Mars is one of six children and came from a musical family which exposed him to a diverse mix of music genres, including first and foremost Rock and Roll, and later reggae, hip hop, and rhythm and blues. His mother was both a singer and a dancer, and his father performed Little Richard’s music, which inspired him as a young child. His uncle was an Elvis Presley impersonator, and also encouraged three-year-old Mars to perform songs on stage by Presley and Michael Jackson. At the age of four, Mars began performing five days a week with his family’s band, The Love Notes, and became known in Hawaii for his impersonation of Elvis Presley. When he was five he urinated on himself during a performance of Presley’s “Can’t Help Falling in Love” (1961), which led his parents to think they could be making a mistake. However, Mars never wavered. In 1990, Mars was featured in the Hawaiian tabloid shopper MidWeek as “Little Elvis” and performed in the halftime show of the 1990 Aloha Bowl.

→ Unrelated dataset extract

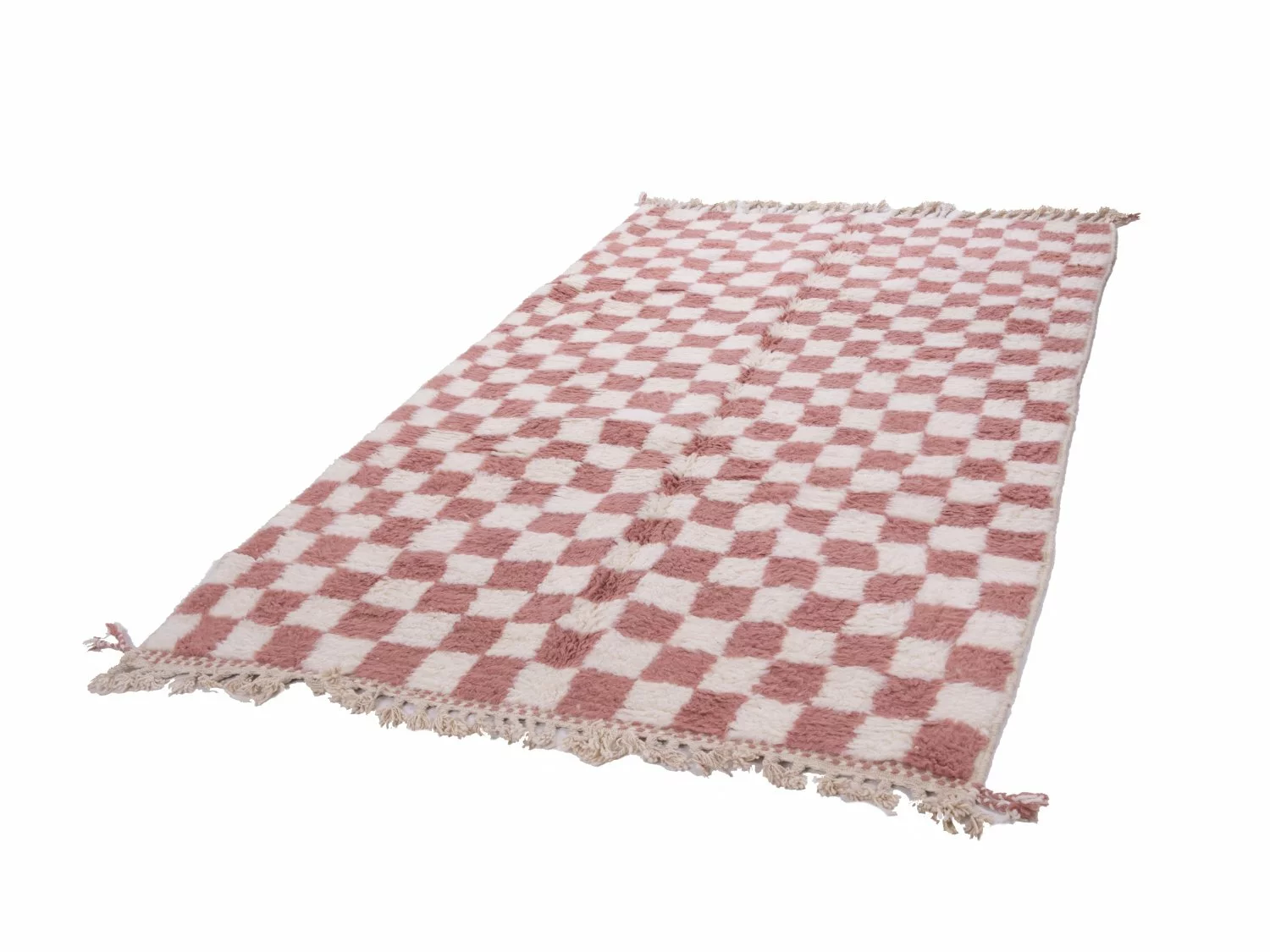 Marokkolainen Kilim Matto Azilal 290 X 170 Cm 7 Marokkolainen Kilim Matto Azilal 290 X 170 Cm - Image 5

In 1992, he appeared in a cameo role in the film Honeymoon in Vegas and was interviewed by Pauly Shore on MTV. When Mars was six years old, he was featured on The Arsenio Hall Show and throughout grade school, he performed with his family’s band, two shows a night, covering Frankie Lymon and Little Anthony. When he was a child he had a small version of a drum set, guitar, piano, and some percussion and learned to play the instruments. When Mars was 12, his parents divorced, ending The Love Notes act. His father’s various businesses which ranged from temporary-tattoo parlors to memorabilia shops, failed. As a result there was no longer a steady source of income. He moved out of his parents’ house along with his brother and father. They lived in the “slums of Hawaii”, on the back of a car, on rooftops, and in an abandoned bird zoo, Paradise Park, where his father worked before it closed. Mars transferred to another school and was bullied initially, but he became popular in the last days of school.
The time Mars spent impersonating Presley had a major impact on his musical evolution and performing techniques. He later began playing guitar after being inspired by American rock guitarist Jimi Hendrix. In 2010, he also acknowledged his Hawaiian roots and musical family as an influence, explaining: “Growing up in Hawaii made me the man I am. I used to do a lot of shows in Hawaii with my father’s band. Everybody in my family sings, everyone plays instruments… I’ve just been surrounded by it.” When he attended President Theodore Roosevelt High School in Honolulu he sang in a group called The School Boys, who did several shows including opening for his father’s new band, performing songs by the Isley Brothers and the Temptations. The singer, while in high school, became well known in Hawaiian entertainment, becoming the opening gig for a huge magic show and impersonating Michael Jackson in a celebrity-impersonators show, making $75 per performance.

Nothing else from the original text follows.